A company uses an Amazon Redshift provisioned cluster as its database. The Redshift cluster has five reserved ra3.4xlarge nodes and uses key distribution. A data engineer notices that one of the nodes frequently has a CPU load over 90%. SQL Queries that run on the node are queued. The other four nodes usually have a CPU load under 15% during daily operations. The data engineer wants to maintain the current number of compute nodes. The data engineer also wants to balance the load more evenly across all five compute nodes. Which solution will meet these requirements?

Choices

  • A: Change the sort key to be the data column that is most often used in a WHERE clause of the SQL SELECT statement.
  • B: Change the distribution key to the table column that has the largest dimension.
  • C: Upgrade the reserved node from ra3.4xlarge to ra3.16xlarge.
  • D: Change the primary key to be the data column that is most often used in a WHERE clause of the SQL SELECT statement.
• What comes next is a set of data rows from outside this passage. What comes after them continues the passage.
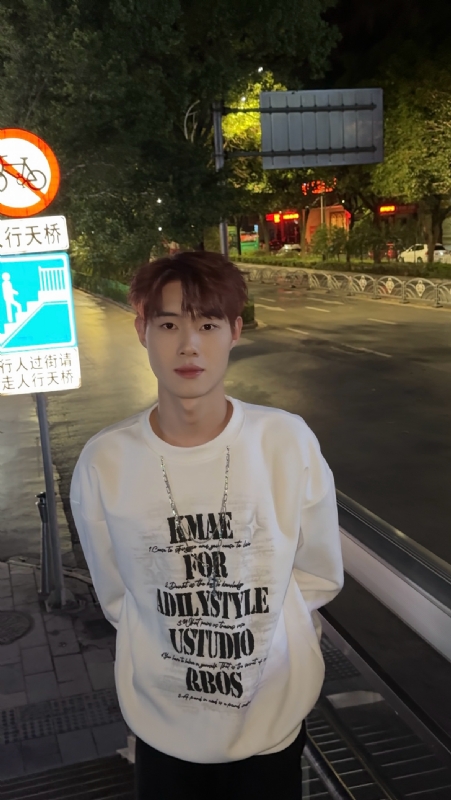 与宇的第二张照片--南宁相亲服务中心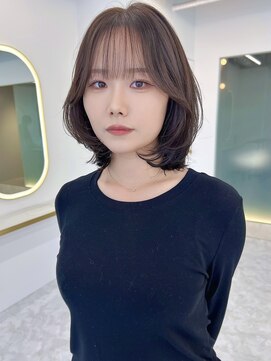 エトワール バイ ヴィンス(etoile by vince) ミディアムレイヤー/赤み消し◎オリーブベージュ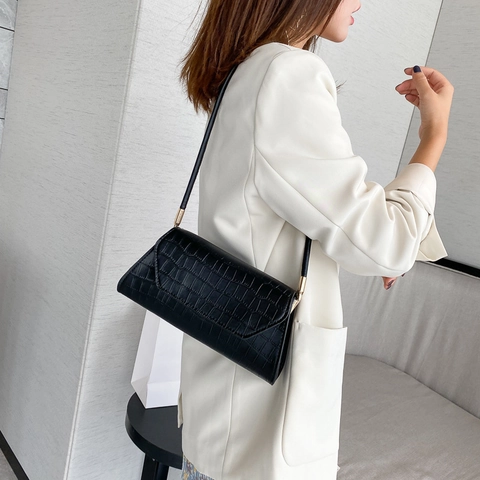 French Style Baguette Bag Crocodile Pattern PU Leather Flap Underarm Shoulder Bag For Women Vintage Minimalist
Question 3XaG6pEqqVrKGQC61bLP

Question

A security company stores IoT data that is in JSON format in an Amazon S3 bucket. The data structure can change when the company upgrades the IoT devices. The company wants to create a data catalog that includes the IoT data. The company’s analytics department will use the data catalog to index the data. Which solution will meet these requirements MOST cost-effectively?

Choices

  • A: Create an AWS Glue Data Catalog. Configure an AWS Glue Schema Registry. Create a new AWS Glue workload to orchestrate the ingestion of the data that the analytics department will use into Amazon Redshift Serverless.
  • B: Create an Amazon Redshift provisioned cluster. Create an Amazon Redshift Spectrum database for the analytics department to explore the data that is in Amazon S3. Create Redshift stored procedures to load the data into Amazon Redshift.
  • C: Create an Amazon Athena workgroup. Explore the data that is in Amazon S3 by using Apache Spark through Athena. Provide the Athena workgroup schema and tables to the analytics department.
  • D: Create an AWS Glue Data Catalog. Configure an AWS Glue Schema Registry. Create AWS Lambda user defined functions (UDFs) by using the Amazon Redshift Data API. Create an AWS Step Functions job to orchestrate the ingestion of the data that the analytics department will use into Amazon Redshift Serverless.